• **Problem to solve**: All the data below needs to be retyped exactly as shown.

• **Short descriptive text snippets**:
○ ○ ○ ○ ○
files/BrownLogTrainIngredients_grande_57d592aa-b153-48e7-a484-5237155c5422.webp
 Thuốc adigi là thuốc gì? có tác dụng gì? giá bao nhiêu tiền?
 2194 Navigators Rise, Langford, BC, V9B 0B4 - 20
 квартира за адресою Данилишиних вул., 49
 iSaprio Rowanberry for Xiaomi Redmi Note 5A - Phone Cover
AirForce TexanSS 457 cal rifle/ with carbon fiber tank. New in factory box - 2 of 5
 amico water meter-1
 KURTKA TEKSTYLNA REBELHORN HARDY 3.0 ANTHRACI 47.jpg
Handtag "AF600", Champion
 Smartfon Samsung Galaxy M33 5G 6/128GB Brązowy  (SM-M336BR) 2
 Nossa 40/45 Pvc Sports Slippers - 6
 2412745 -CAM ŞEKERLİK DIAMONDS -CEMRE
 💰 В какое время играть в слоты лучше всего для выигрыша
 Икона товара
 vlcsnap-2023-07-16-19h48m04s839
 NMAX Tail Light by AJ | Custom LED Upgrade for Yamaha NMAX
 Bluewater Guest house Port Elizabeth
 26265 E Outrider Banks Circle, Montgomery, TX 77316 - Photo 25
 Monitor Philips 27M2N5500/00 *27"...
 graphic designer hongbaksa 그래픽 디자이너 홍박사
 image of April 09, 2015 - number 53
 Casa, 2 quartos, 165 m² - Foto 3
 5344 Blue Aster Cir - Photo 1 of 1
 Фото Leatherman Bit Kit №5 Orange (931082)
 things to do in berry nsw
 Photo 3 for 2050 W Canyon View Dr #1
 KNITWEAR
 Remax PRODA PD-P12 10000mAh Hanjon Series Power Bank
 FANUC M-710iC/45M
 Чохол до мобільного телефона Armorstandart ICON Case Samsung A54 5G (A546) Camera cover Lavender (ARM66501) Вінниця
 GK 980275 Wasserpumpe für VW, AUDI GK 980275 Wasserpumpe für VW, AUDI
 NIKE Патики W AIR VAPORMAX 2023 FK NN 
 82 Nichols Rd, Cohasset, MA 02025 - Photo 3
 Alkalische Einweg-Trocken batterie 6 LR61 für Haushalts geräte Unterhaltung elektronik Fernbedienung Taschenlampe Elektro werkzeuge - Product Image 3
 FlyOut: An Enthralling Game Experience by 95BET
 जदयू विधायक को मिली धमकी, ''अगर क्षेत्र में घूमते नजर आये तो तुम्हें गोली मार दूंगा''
○ ○ ○ ○ ○
• **Result for this task**:
files/BrownLogTrainIngredients_grande_57d592aa-b153-48e7-a484-5237155c5422.webp
 Thuốc adigi là thuốc gì? có tác dụng gì? giá bao nhiêu tiền?
 2194 Navigators Rise, Langford, BC, V9B 0B4 - 20
 квартира за адресою Данилишиних вул., 49
 iSaprio Rowanberry for Xiaomi Redmi Note 5A - Phone Cover
AirForce TexanSS 457 cal rifle/ with carbon fiber tank. New in factory box - 2 of 5
 amico water meter-1
 KURTKA TEKSTYLNA REBELHORN HARDY 3.0 ANTHRACI 47.jpg
Handtag "AF600", Champion
 Smartfon Samsung Galaxy M33 5G 6/128GB Brązowy  (SM-M336BR) 2
 Nossa 40/45 Pvc Sports Slippers - 6
 2412745 -CAM ŞEKERLİK DIAMONDS -CEMRE
 💰 В какое время играть в слоты лучше всего для выигрыша
 Икона товара
 vlcsnap-2023-07-16-19h48m04s839
 NMAX Tail Light by AJ | Custom LED Upgrade for Yamaha NMAX
 Bluewater Guest house Port Elizabeth
 26265 E Outrider Banks Circle, Montgomery, TX 77316 - Photo 25
 Monitor Philips 27M2N5500/00 *27"...
 graphic designer hongbaksa 그래픽 디자이너 홍박사
 image of April 09, 2015 - number 53
 Casa, 2 quartos, 165 m² - Foto 3
 5344 Blue Aster Cir - Photo 1 of 1
 Фото Leatherman Bit Kit №5 Orange (931082)
 things to do in berry nsw
 Photo 3 for 2050 W Canyon View Dr #1
 KNITWEAR
 Remax PRODA PD-P12 10000mAh Hanjon Series Power Bank
 FANUC M-710iC/45M
 Чохол до мобільного телефона Armorstandart ICON Case Samsung A54 5G (A546) Camera cover Lavender (ARM66501) Вінниця
 GK 980275 Wasserpumpe für VW, AUDI GK 980275 Wasserpumpe für VW, AUDI
 NIKE Патики W AIR VAPORMAX 2023 FK NN 
 82 Nichols Rd, Cohasset, MA 02025 - Photo 3
 Alkalische Einweg-Trocken batterie 6 LR61 für Haushalts geräte Unterhaltung elektronik Fernbedienung Taschenlampe Elektro werkzeuge - Product Image 3
 FlyOut: An Enthralling Game Experience by 95BET
 जदयू विधायक को मिली धमकी, ''अगर क्षेत्र में घूमते नजर आये तो तुम्हें गोली मार दूंगा''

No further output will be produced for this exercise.